Канувшие и спасенные | страница 80
Капитуляция перед ужасами прошлого могла заставить человека образованного отречься от своего статуса интеллектуала и прибегнуть в борьбе за жизнь к тем же средствам, какими пользовался его необразованный товарищ: «раз так было всегда, то так будет и впредь». Возможно, мое незнание истории защитило меня от подобных метаморфоз. Однако я (на свое счастье) подвергался иной опасности, на которую справедливо указывает Амери: по своей природе немецкий интеллектуал — осмелюсь добавить я — имеет склонность принимать сторону власти, а значит, одобрять ее. Он следует Гегелю, обожествлявшему Государство — любое государство, — сам факт существования которого уже оправдывает это существование. Гитлеровские хроники полны примеров, подтверждающих эту тенденцию: достаточно назвать учителя Сартра философа Хайдеггера, лауреата Нобелевской премии физика Штарка, высшего представителя католической церкви в Германии кардинала Фаульхабера и многих, многих других.

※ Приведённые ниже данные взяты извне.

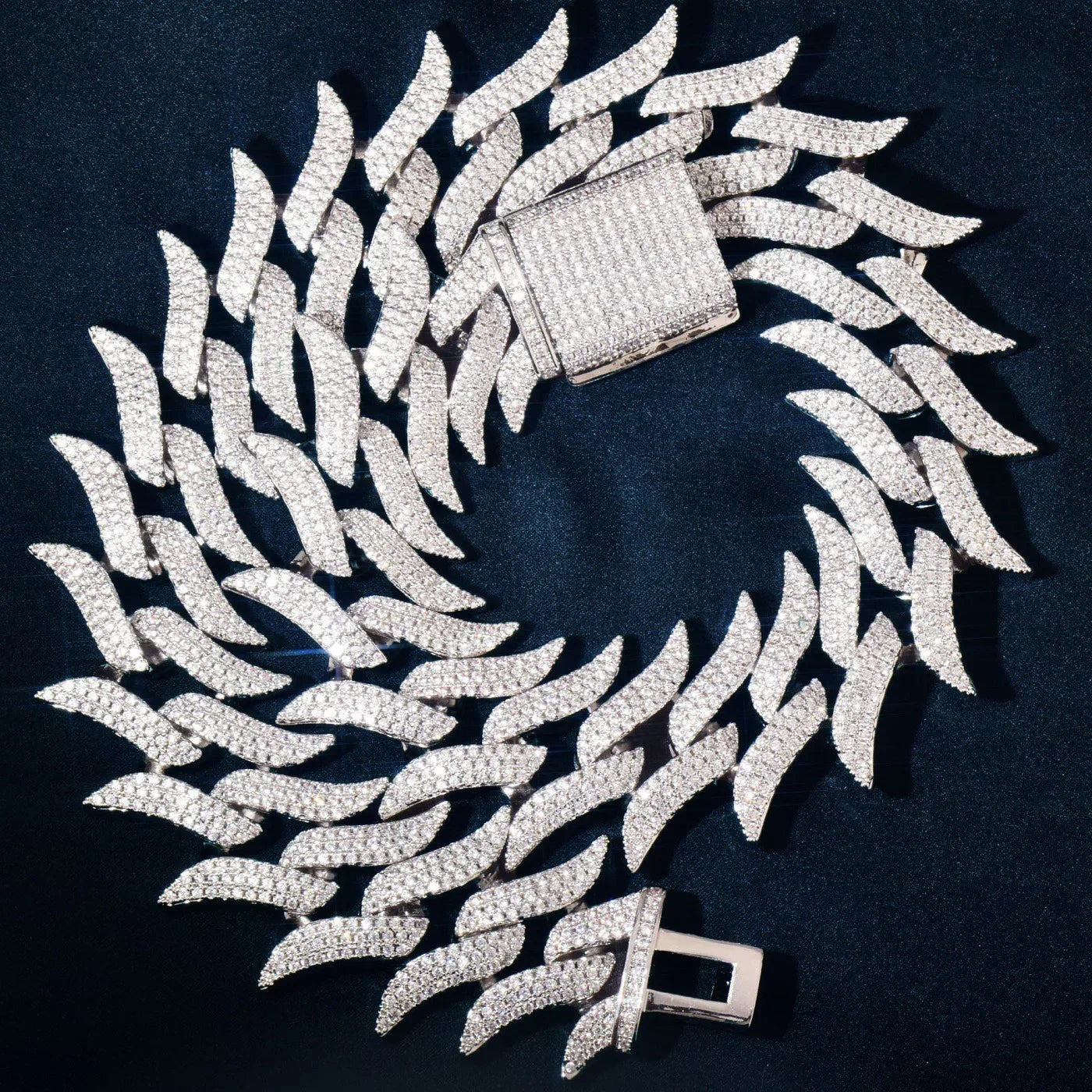 Iced Out Mustache Cuban Chain Necklace with Copper & Zircon | Hip Hop Jewelry | Caratix Jewelry - CaratixJewelry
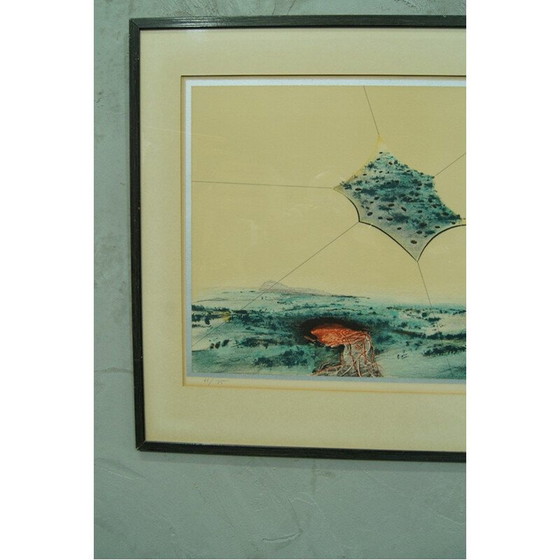 Image 1 of Scandinavian surrealist vintage hand lithograph by Bertil Berg, 1970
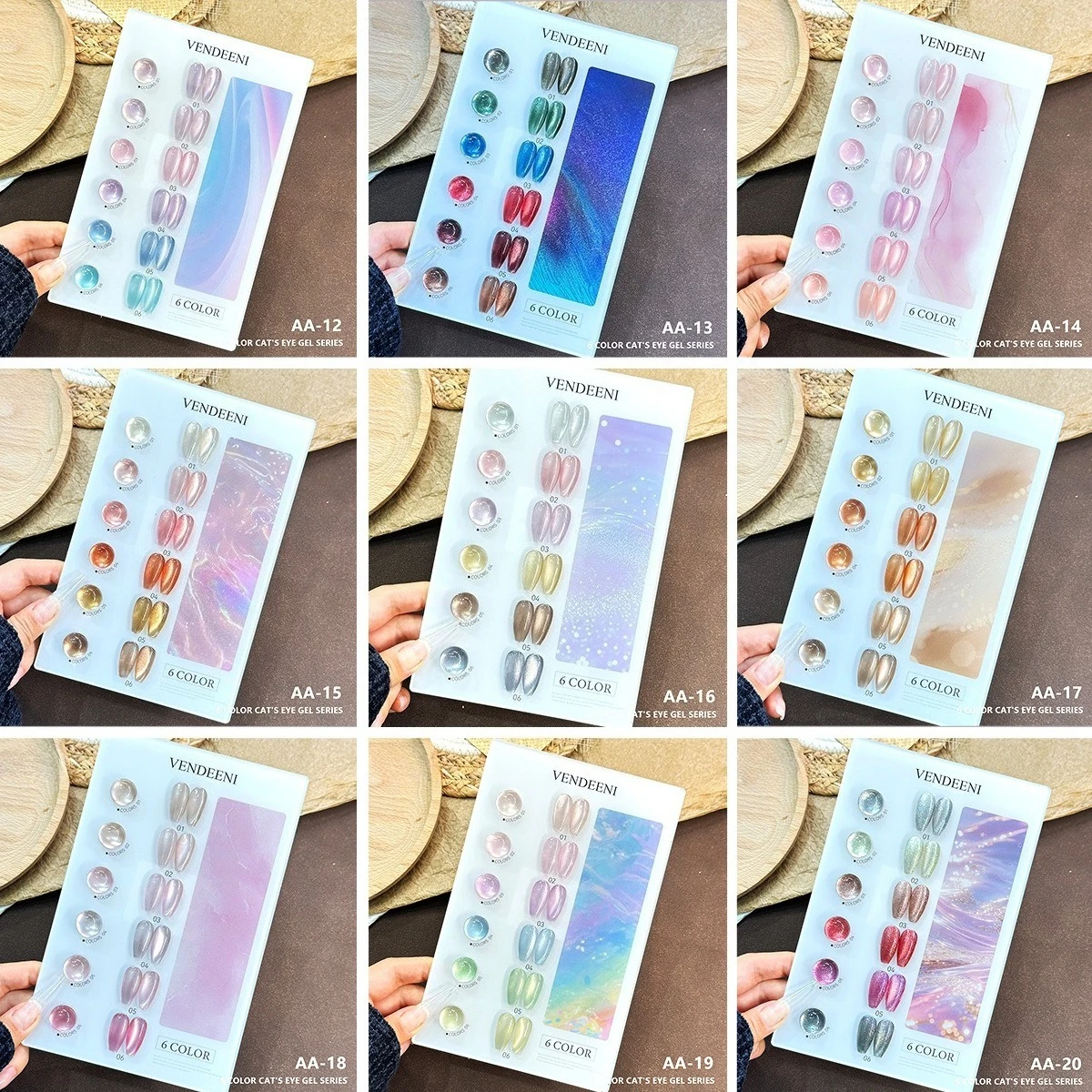 Zestaw lakierów hybrydowych do paznokci z efektem kociego oka, z koralikami szklanymi, na jesień i zimę, magnetyczny, UV LED, do zmywania, lakier żelowy z efektem kociego oka z kryształkami, z ekspozytorem.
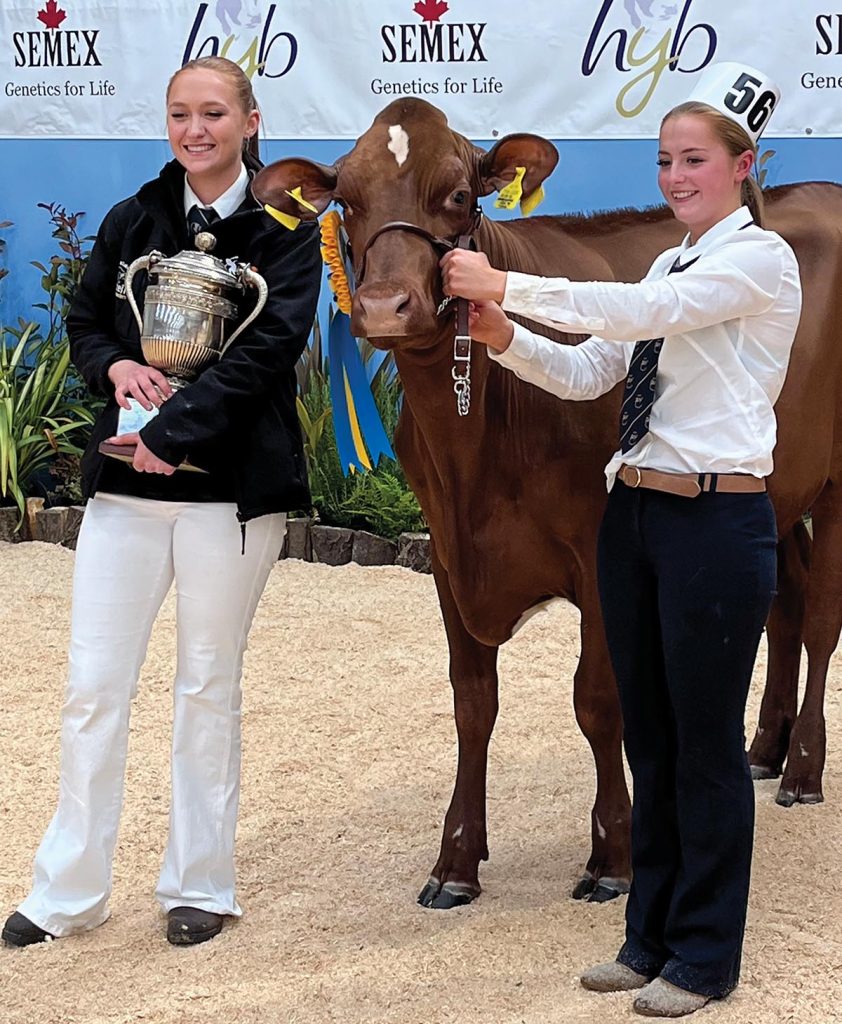 Abbie & Ellie Fisher with Champion calf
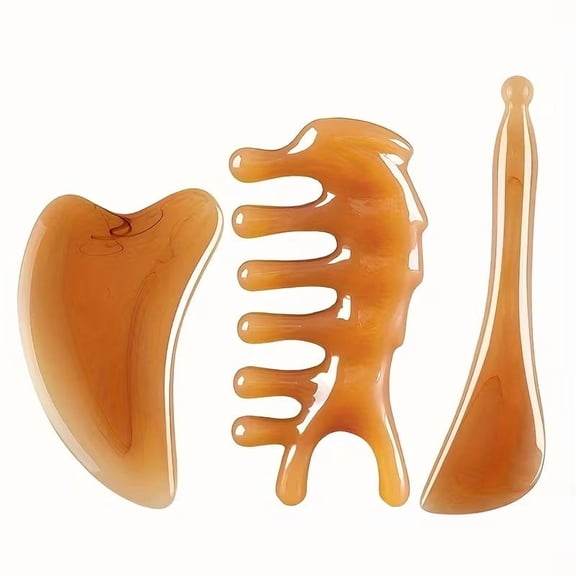 3-Piece Gua Sha Massage Tool Set - Natural Facial and Body Care Spa Treatment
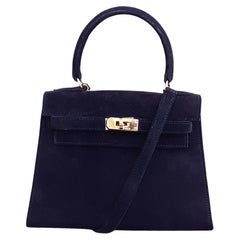 Rare Hermès Mini Kelly 20 cm Sellier Sac Full Doblis Suede Black Ghw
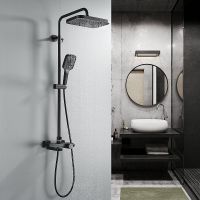 Душевая система Rose R18H с термостатом Черная матовая арт-R1896H — фото 11, Душевые стойки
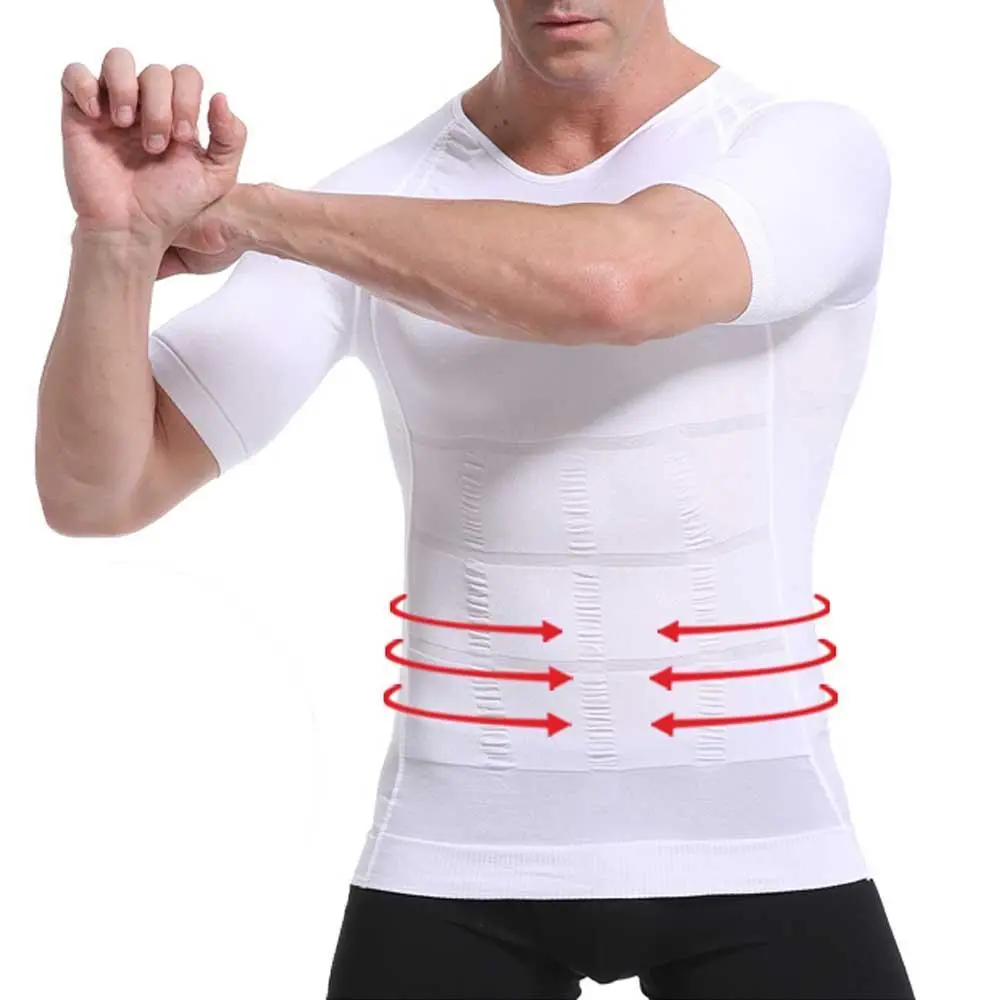 Men's Slimming Shaper Elastic Vest Male Tummy Abdomen Slim Girdle Compression Body Modeling Belt Chest Tummy Shirts Corset Underwear Knitted Menswear Nylon Seamless Shapewear Socks
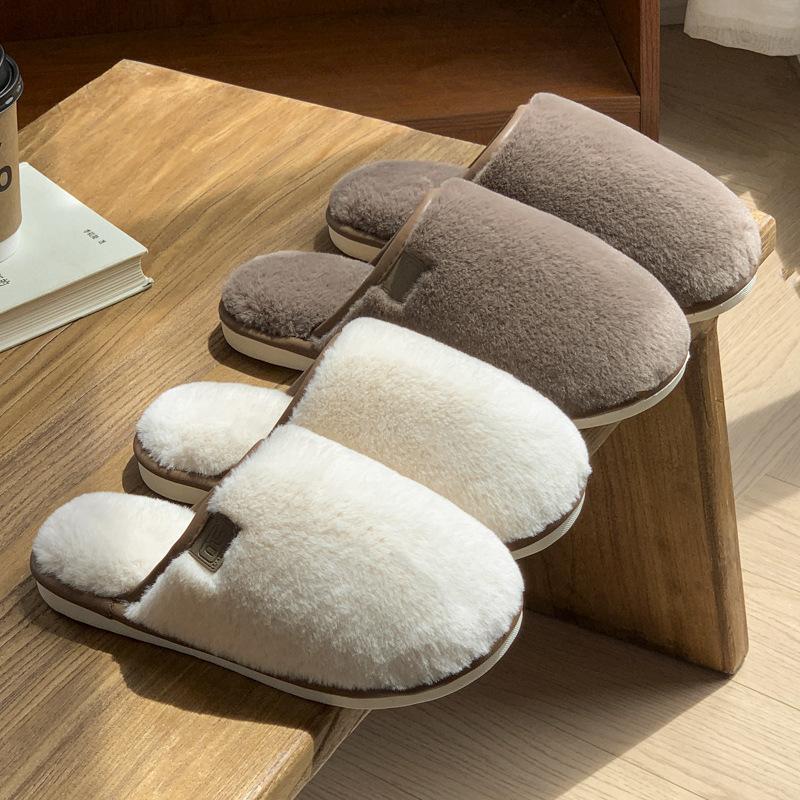 Fabric plush cotton slippers winter home couple warm home cotton shoes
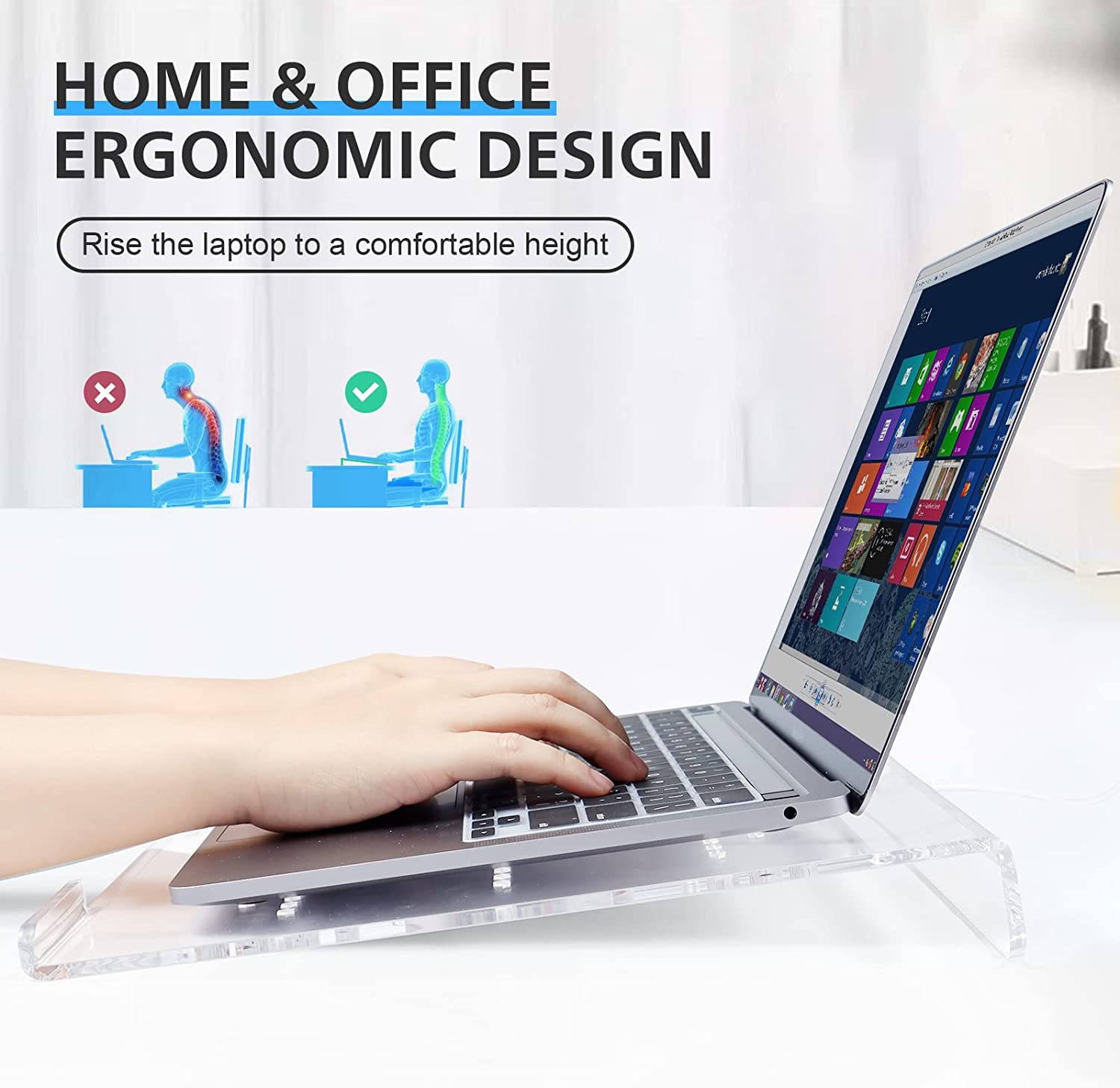 Transparent acrylic laptop riser with ergonomic tilt for home and office use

Наряду с этой латентной предрасположенностью интеллектуала-агностика Амери отмечает и другой факт, на который мы, бывшие узники, тоже обращали внимание: неагностики приверженцы той или иной веры, меньше подпадали под обаяние власти, разумеется, если сами не были адептами национал-социализма (это уточнение вовсе не лишнее; в лагере среди отмеченных красным треугольником встречались и убежденные нацисты, впавшие в немилость из-за идеологических разногласий или по личным мотивам). Их никто не любил, тем не менее испытание лагерем они переносили лучше остальных, и в процентном отношении выживших среди них больше.
Как и Амери, я тоже попал в лагерь неверующим, неверующим был освобожден, неверующим остаюсь и поныне; более того, опыт лагеря с его чудовищными злодеяниями лишь укрепил меня в моем неверии. Меня смущала и до сих пор смущает непререкаемость утверждения трансцендентальной справедливости и воли провидения в той или иной форме. Почему умирающих запихивали в вагоны для скота, почему детей бросали в газовые камеры? Должен признаться, что однажды (да, всего один-единственный раз) я не устоял и пытался искать спасения в молитве. Это было в октябре 1944 года, в единственный раз, когда я отчетливо осознал неминуемость смерти; когда голый, стиснутый со всех сторон другими голыми телами — товарищами по бараку, с регистрационной карточкой в поднятой руке, я ждал своей очереди, чтобы пройти перед «комиссией», которой достаточно было одного взгляда, чтобы определить: пора мне отправляться в газовую камеру или я еще достаточно силен, чтобы работать. На мгновение я почувствовал потребность воззвать о помощи, молить о спасении, потом, несмотря на отчаяние, рассудок взял верх: правила игры до конца партии не меняют, даже если ты в проигрыше. Молиться в таком настроении было не просто абсурдом (на что я буду жаловаться и кому?), но и богохульством, непристойностью, проявлением крайнего безбожия, на какое только способен неверующий. И я подавил в себе это желание, твердо зная, что, если выживу, меня будет мучить стыд.